The power of our Board of Directors to designate and issue shares of preferred stock could have an adverse effect on holders of our common stock.

 

Our certificate of incorporation authorizes our board of directors to designate and issue one or more series of preferred stock, having rights and preferences as the board may determine, and any such designations and issuances could have an adverse effect on the rights of holders of common stock.

 

ITEM 3. QUANTITATIVE AND QUALITATIVE DISCLOSURE ABOUT MARKET RISKS

 

FOREIGN CURRENCY EXCHANGE RATE RISK

 

While our reporting currency is the U.S. Dollar, to date virtually all of our revenues and costs are denominated in Renminbi and a significant portion of our assets and liabilities are denominated in Renminbi. As a result, we are exposed to foreign exchange risk as our revenues and results of operations may be affected by fluctuations in the exchange rate between U.S. Dollars and Renminbi. If the Renminbi depreciates against the U.S. Dollar, the value of our Renminbi revenues and assets as expressed in our U.S. Dollar financial statements will decline.

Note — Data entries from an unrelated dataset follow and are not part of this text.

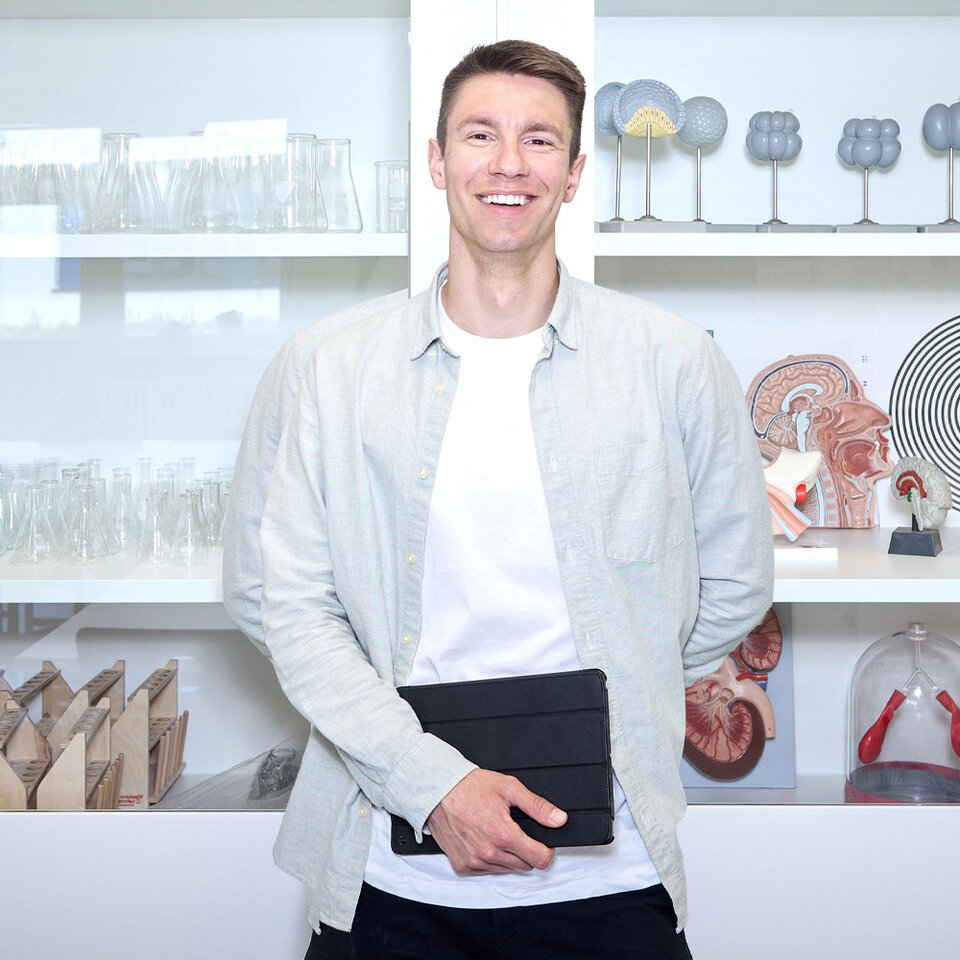 Lehrkraft Sebastian Engel steht im Biologieraum vor einer Glasvitrine und schaut in die Kamera.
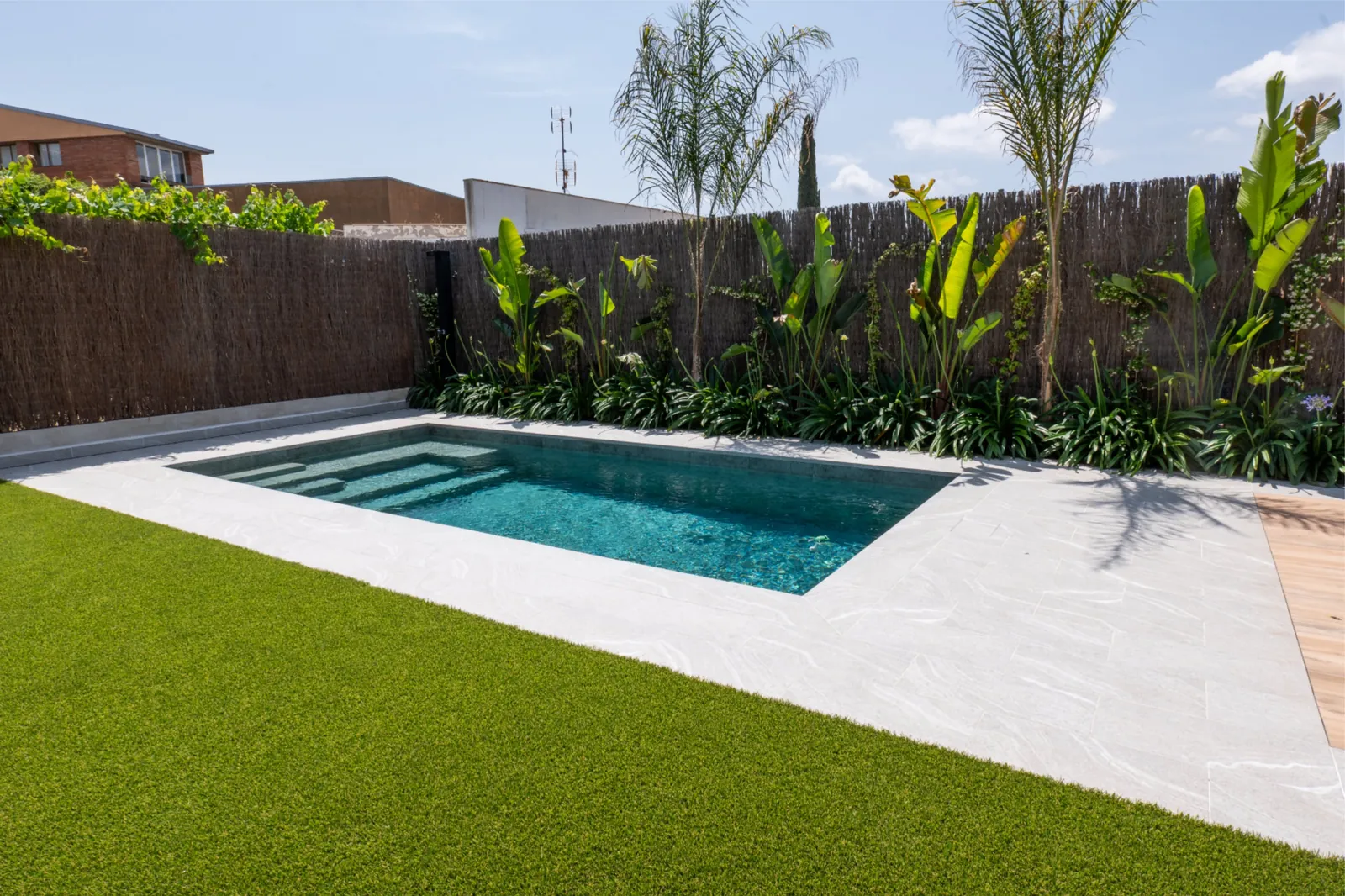 Piscina, césped artificial y camino de porcelánico en Calle Lleida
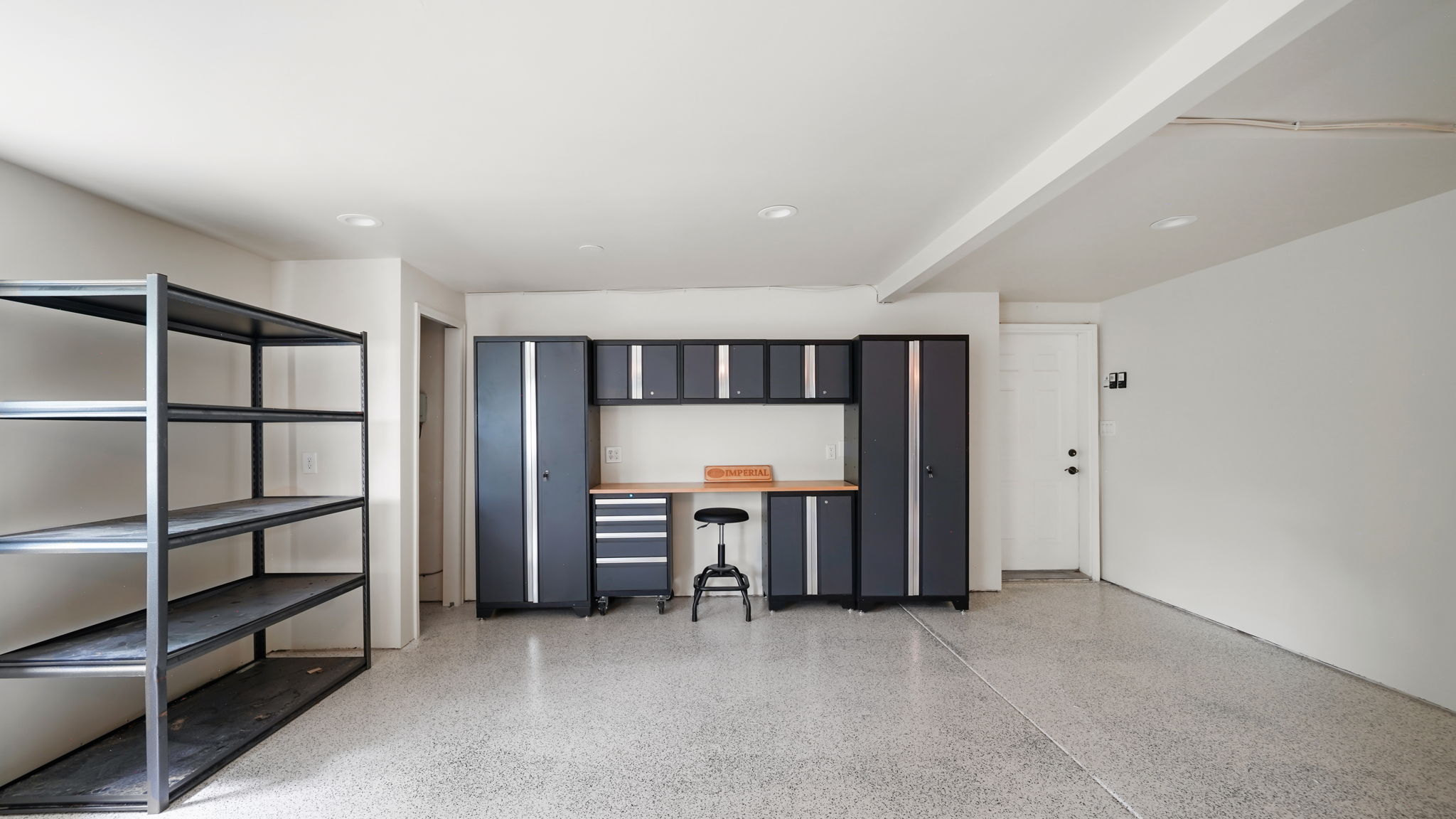 Spacious garage with epoxy flooring, built-in Spacious garage with an epoxy-coated floor, multiple windows, built-in cabinetry, an integrated workbench, wood-finish countertop, recessed lighting, and shelving unit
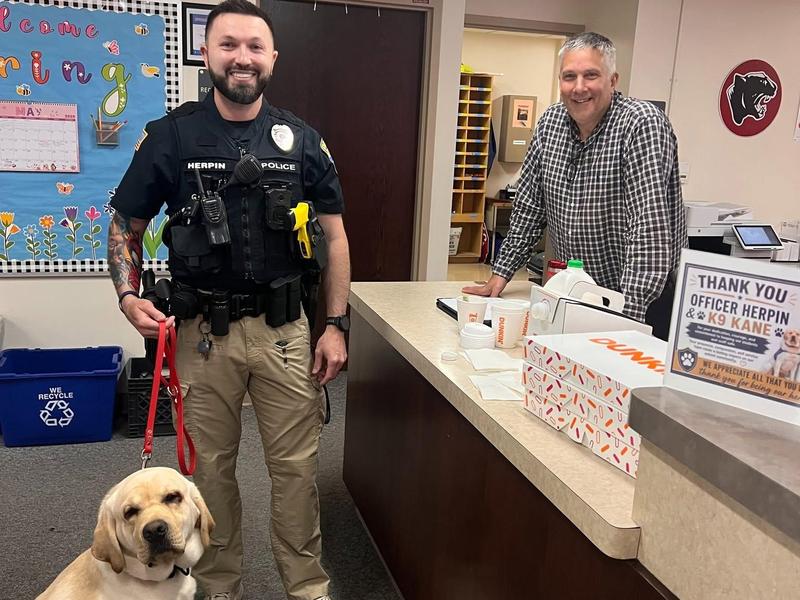 A police officer poses with a dog in a school office setting.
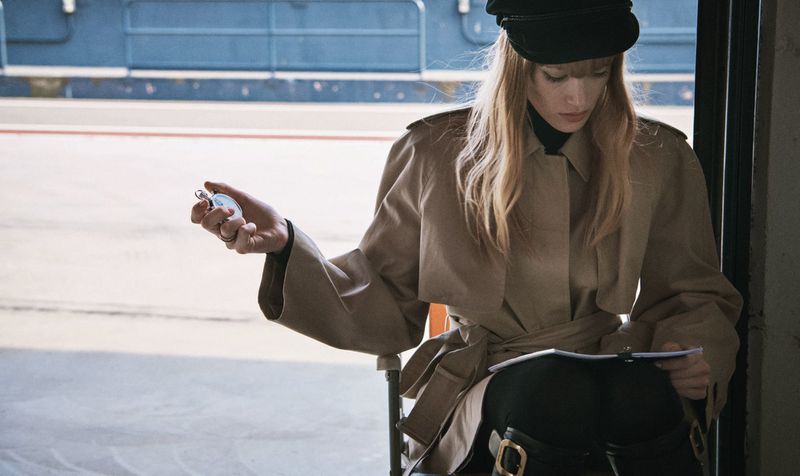 A blonde adult woman in a tan trench coat sitting on a chair and holding a stopwatch in an indoor setting with a neutral background.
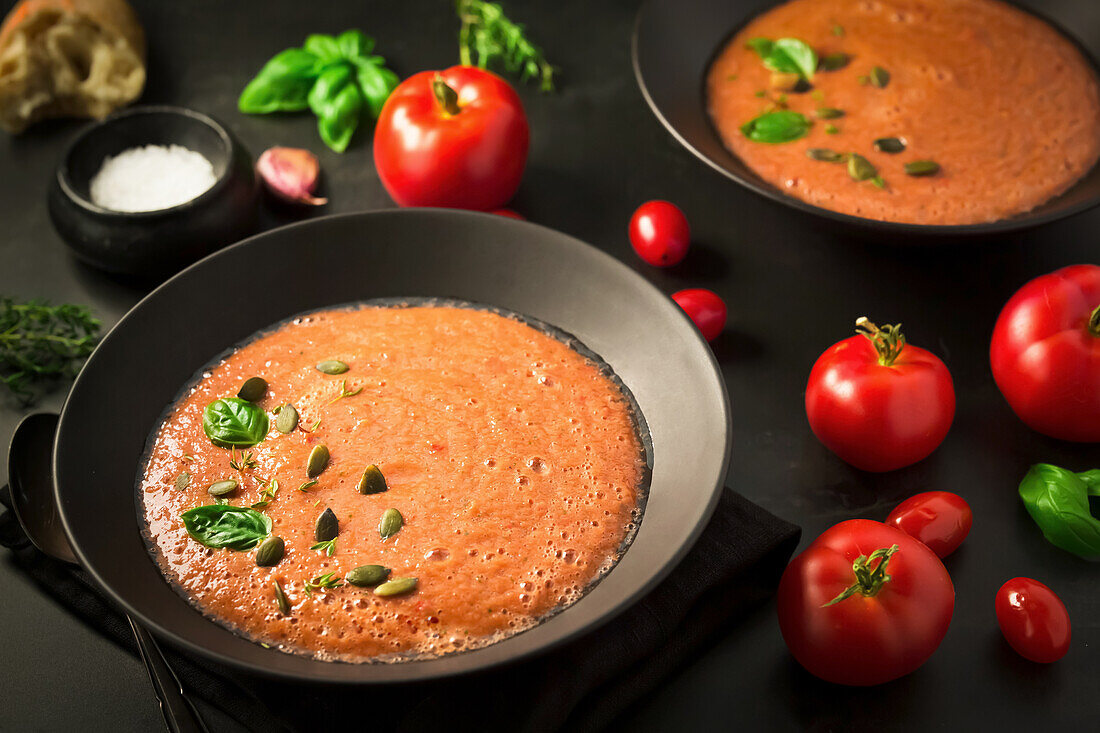 Tomato soup with basil and pumpkin seeds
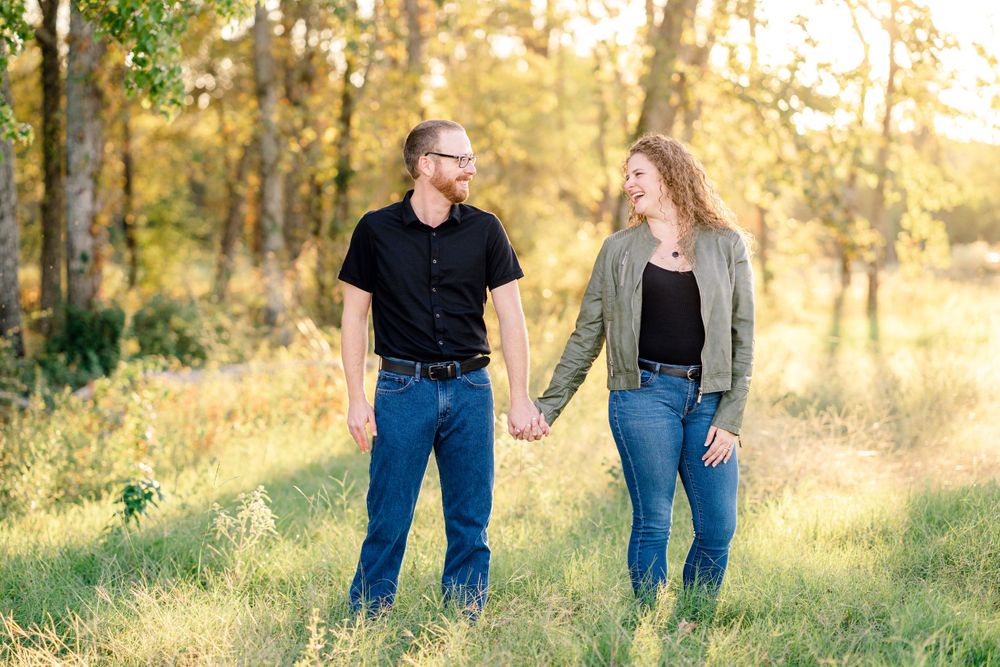 Couple holding hands while walking through a sunlit meadow with trees in background.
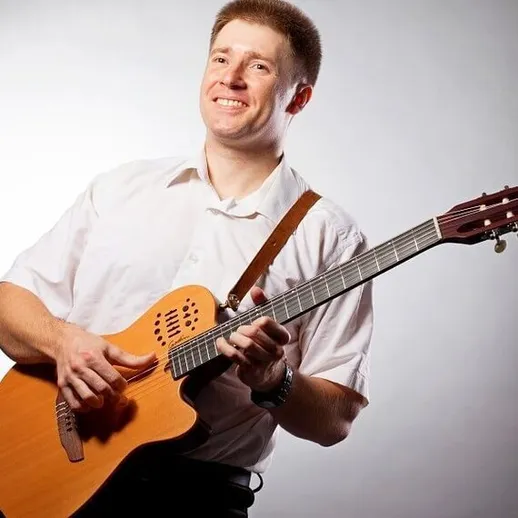 Музыкант играет на акустической гитаре в студии при мягком освещении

We do not hold any derivative or other financial instruments that expose us to substantial market risk. See “Risk Factors—We may suffer currency exchange risks if the Renminbi fluctuates relative to the U.S. Dollar.”

 

The Renminbi is currently freely convertible under the “current account”, which includes dividends, trade and service-related foreign exchange transactions, but not under the “capital account”, which includes foreign direct investment. In addition, commencing on July 21, 2005, China reformed its exchange rate regime by changing to a managed floating exchange rate regime based on market supply and demand with reference to a basket of currencies. Under the managed floating exchange rate regime, the Renminbi is no longer pegged to the U.S. Dollar. The exchange rate of the U.S. Dollar against the Renminbi was adjusted to 8.11 yuan per U.S. Dollar as of July 21, 2005, representing an appreciation of about 2%. The People’s Bank of China will announce the closing prices of foreign currencies such as the U.S. Dollar traded against the Renminbi in the inter-bank foreign exchange market after the closing of the market on each business day, and will make such prices the central parity for trading against the Renminbi on the following business day. To date, we have not entered into any hedging transactions in an effort to reduce our exposure to foreign currency exchange risk. While we may decide to enter into hedging transactions in the future, the effectiveness of these hedges may be limited and we may not be able to successfully hedge our exposure. Accordingly, we may incur economic losses in the future due to foreign exchange rate fluctuations, which could have a negative impact on our financial condition and results of operations.

 

The Company’s functional currency is U.S. Dollar. Functional currency of the Company’s subsidiaries and VIEs in China is Renminbi. An entity’s functional currency is the currency of the primary economic environment in which it operates; normally, that is the currency of the environment in which it primarily generates and expends cash. Management judgment is essential in determination of the functional currency by assessing various indicators, such as cash flow, sales price and market, expenses, financing and inter-company transactions and arrangements. Assets and liabilities of the China subsidiaries are translated into U.S. Dollar, the functional currency of the Company, at exchange rate in effect at balance sheet date. Foreign currency translation adjustments are not included in determining net income for the period but are accumulated in a separate component of consolidated equity on the balance sheet. The accumulated foreign currency translation adjustment as of September 30, 2005 and December 31, 2004 was a gain of $2.2 million and a loss of $6,000, respectively.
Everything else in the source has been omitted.